> [TASK BRIEF] Please give back an exact reproduction of the lines from the one with "59/71 Bay St, Wolfeboro, NH 03894 - photo 1" through the end of the entries below, and no others.

> [EXTRACTED ENTRIES]
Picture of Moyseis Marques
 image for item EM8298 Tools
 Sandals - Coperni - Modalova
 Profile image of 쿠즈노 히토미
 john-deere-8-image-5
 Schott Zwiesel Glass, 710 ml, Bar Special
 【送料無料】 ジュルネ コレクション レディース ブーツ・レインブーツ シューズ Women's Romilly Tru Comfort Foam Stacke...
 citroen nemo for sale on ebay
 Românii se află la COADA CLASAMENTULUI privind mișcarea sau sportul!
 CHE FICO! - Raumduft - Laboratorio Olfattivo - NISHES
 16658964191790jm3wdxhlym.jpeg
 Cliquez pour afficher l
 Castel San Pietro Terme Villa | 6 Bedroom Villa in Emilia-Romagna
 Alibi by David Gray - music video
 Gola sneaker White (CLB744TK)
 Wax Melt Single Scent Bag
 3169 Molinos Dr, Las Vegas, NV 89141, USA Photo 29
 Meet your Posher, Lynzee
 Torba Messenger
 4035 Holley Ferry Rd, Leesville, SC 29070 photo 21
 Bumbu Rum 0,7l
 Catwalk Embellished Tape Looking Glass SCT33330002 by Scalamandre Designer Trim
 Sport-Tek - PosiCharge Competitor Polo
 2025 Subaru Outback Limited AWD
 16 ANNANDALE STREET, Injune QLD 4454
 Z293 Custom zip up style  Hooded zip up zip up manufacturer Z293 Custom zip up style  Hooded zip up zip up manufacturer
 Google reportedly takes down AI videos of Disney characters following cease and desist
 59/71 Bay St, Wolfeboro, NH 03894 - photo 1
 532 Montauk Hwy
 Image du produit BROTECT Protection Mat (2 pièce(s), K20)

> [SOLUTION TO THE EXERCISE]
 59/71 Bay St, Wolfeboro, NH 03894 - photo 1
 532 Montauk Hwy
 Image du produit BROTECT Protection Mat (2 pièce(s), K20)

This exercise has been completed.